─── Material provided
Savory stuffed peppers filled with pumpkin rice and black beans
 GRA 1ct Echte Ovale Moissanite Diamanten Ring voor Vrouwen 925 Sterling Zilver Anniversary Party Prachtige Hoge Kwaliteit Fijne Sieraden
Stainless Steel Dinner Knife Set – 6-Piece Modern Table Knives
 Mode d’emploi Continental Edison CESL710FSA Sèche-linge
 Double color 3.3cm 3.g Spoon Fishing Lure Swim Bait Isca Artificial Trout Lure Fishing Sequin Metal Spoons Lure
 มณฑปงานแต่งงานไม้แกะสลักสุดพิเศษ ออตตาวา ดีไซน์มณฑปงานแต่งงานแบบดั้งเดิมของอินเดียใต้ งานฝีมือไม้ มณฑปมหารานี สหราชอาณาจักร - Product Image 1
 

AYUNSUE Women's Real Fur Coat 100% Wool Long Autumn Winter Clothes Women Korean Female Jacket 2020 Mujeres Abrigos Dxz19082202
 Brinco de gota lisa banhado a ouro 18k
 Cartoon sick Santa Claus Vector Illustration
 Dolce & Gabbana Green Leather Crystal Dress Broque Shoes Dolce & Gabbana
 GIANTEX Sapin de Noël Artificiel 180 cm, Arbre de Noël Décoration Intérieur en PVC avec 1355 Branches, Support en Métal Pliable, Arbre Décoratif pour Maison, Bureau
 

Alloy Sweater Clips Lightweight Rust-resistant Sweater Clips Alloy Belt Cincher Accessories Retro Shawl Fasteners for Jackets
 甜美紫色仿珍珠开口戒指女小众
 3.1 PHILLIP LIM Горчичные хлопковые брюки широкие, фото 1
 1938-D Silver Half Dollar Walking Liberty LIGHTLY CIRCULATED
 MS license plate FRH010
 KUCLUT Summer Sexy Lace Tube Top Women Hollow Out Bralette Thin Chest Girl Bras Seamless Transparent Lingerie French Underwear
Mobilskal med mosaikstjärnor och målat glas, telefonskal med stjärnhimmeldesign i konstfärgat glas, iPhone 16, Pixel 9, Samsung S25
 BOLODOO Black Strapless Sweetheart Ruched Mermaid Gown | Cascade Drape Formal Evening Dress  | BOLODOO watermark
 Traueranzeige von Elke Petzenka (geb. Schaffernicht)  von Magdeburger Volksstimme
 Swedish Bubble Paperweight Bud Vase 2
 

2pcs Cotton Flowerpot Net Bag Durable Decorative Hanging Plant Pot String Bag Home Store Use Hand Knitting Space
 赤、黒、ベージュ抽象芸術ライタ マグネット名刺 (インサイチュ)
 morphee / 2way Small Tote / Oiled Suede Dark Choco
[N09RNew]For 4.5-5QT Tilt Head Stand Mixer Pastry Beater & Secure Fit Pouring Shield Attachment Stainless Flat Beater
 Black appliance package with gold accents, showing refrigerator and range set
──────
From the line containing "[N09RNew]For 4.5-5QT Tilt" to the last line above, repeat every line exactly and nothing else.

* [Reply]
[N09RNew]For 4.5-5QT Tilt Head Stand Mixer Pastry Beater & Secure Fit Pouring Shield Attachment Stainless Flat Beater
 Black appliance package with gold accents, showing refrigerator and range set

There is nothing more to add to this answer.